Exercise: Restate word for word the span that opens with the line containing "Telfar Medium Classic" and closes with the final line of the data; give only those lines.

═════ Records provided

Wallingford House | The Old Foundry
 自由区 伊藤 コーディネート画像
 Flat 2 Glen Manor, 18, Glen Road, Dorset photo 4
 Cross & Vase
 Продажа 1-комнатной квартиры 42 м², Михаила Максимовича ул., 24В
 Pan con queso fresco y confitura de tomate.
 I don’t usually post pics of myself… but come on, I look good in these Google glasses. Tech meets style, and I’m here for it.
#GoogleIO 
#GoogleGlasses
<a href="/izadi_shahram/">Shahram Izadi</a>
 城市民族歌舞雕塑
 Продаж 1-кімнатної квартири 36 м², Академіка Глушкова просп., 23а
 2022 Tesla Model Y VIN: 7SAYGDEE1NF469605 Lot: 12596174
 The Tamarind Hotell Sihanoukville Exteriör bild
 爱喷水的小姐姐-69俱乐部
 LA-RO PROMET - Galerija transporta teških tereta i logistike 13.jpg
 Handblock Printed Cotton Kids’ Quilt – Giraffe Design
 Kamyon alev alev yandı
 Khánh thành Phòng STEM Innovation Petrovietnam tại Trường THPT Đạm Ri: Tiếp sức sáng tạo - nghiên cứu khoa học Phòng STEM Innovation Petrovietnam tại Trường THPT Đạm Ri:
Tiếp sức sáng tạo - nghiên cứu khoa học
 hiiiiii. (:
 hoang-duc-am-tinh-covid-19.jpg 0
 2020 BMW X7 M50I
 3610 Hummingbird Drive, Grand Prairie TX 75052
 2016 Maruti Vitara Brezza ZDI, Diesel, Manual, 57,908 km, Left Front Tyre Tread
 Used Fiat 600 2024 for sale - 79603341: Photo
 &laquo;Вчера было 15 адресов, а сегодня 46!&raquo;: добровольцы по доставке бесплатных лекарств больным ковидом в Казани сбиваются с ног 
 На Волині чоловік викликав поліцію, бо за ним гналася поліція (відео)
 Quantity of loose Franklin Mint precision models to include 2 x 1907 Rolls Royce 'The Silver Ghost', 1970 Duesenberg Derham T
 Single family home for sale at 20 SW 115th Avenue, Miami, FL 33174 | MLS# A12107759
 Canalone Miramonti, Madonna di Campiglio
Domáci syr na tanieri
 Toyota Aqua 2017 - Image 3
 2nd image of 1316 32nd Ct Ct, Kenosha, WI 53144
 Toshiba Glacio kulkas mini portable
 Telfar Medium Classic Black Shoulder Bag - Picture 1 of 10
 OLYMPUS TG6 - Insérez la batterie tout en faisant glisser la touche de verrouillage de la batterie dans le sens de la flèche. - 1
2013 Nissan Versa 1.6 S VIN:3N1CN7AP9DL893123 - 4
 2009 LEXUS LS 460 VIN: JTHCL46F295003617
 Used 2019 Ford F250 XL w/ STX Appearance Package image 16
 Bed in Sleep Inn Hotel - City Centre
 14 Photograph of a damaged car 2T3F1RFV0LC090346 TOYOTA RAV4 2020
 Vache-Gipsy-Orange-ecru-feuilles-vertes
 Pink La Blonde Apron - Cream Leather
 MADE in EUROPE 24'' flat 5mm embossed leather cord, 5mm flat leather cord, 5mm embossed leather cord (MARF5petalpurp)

══════════

Result of the exercise:
 Telfar Medium Classic Black Shoulder Bag - Picture 1 of 10
 OLYMPUS TG6 - Insérez la batterie tout en faisant glisser la touche de verrouillage de la batterie dans le sens de la flèche. - 1
2013 Nissan Versa 1.6 S VIN:3N1CN7AP9DL893123 - 4
 2009 LEXUS LS 460 VIN: JTHCL46F295003617
 Used 2019 Ford F250 XL w/ STX Appearance Package image 16
 Bed in Sleep Inn Hotel - City Centre
 14 Photograph of a damaged car 2T3F1RFV0LC090346 TOYOTA RAV4 2020
 Vache-Gipsy-Orange-ecru-feuilles-vertes
 Pink La Blonde Apron - Cream Leather
 MADE in EUROPE 24'' flat 5mm embossed leather cord, 5mm flat leather cord, 5mm embossed leather cord (MARF5petalpurp)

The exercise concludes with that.